Would you return each entry exactly as written, omitting any pictures?

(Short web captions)
--------------------------------------------------

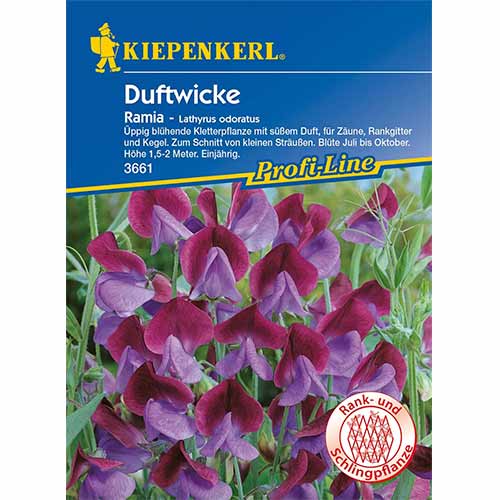 Groszek pachnacy Ramia interface.art zdjęcie 1 Groszek pachnacy Ramia interface.image 1 interface.art 96531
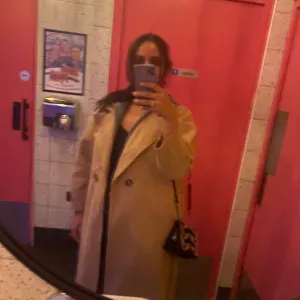 Pet sitter île de France ♥️♥️♥️♥️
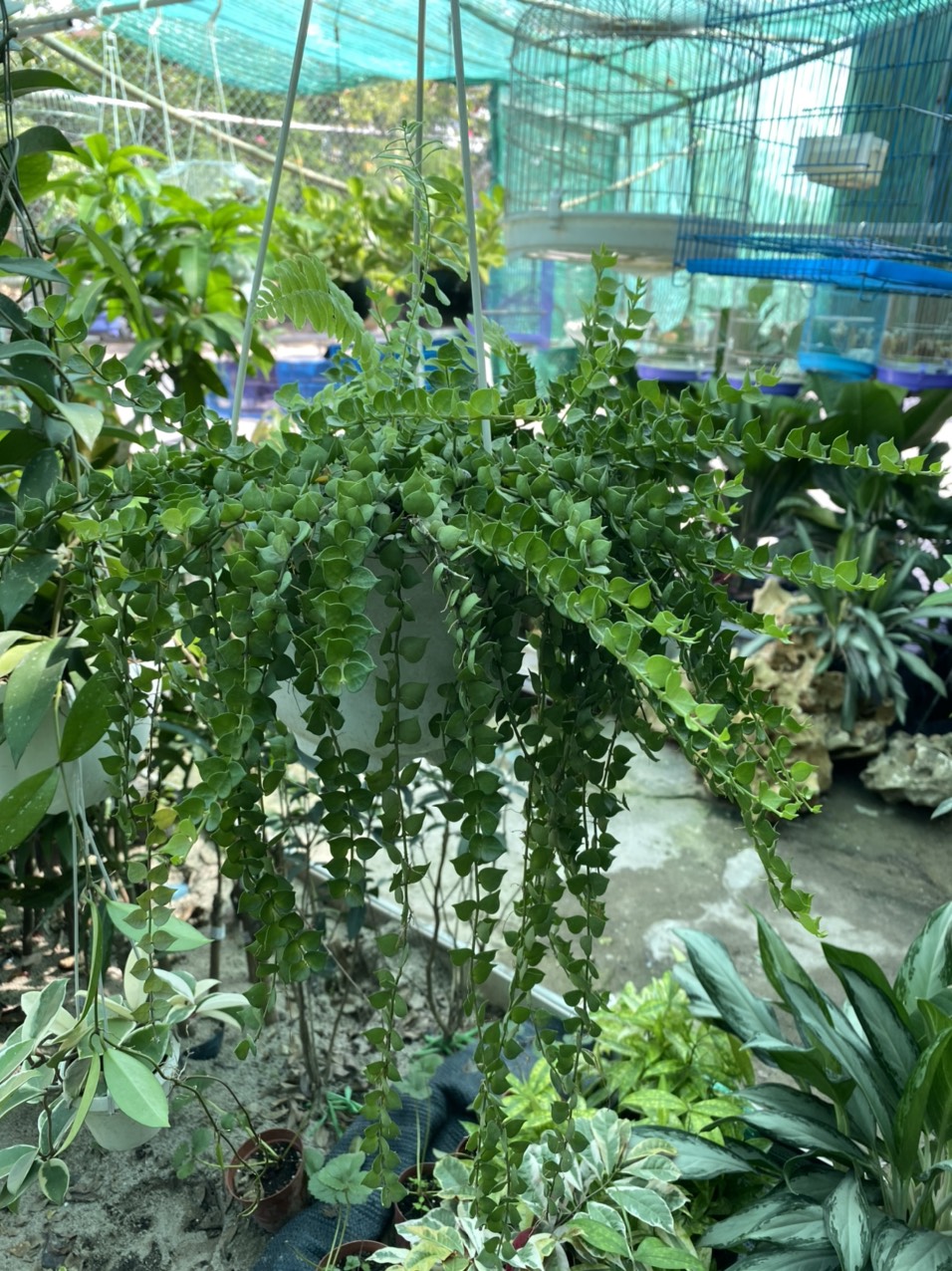 z3496916193094_e977474806612331ff846d60d9e3fcc7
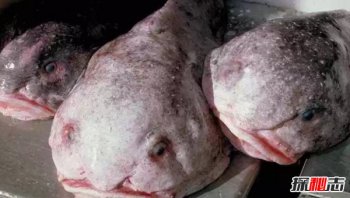 十大巨型淡水魚排名，世界上最嚇人的十大魚類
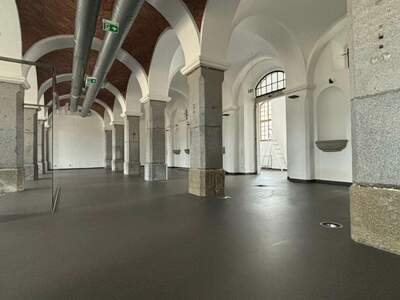 Gewerbeobjekt mieten in 4470 Enns (Bild 1)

--------------------------------------------------

#### [RESPONSE TO THIS TASK]
 Groszek pachnacy Ramia interface.art zdjęcie 1 Groszek pachnacy Ramia interface.image 1 interface.art 96531
 Pet sitter île de France ♥️♥️♥️♥️
 z3496916193094_e977474806612331ff846d60d9e3fcc7
 十大巨型淡水魚排名，世界上最嚇人的十大魚類
 Gewerbeobjekt mieten in 4470 Enns (Bild 1)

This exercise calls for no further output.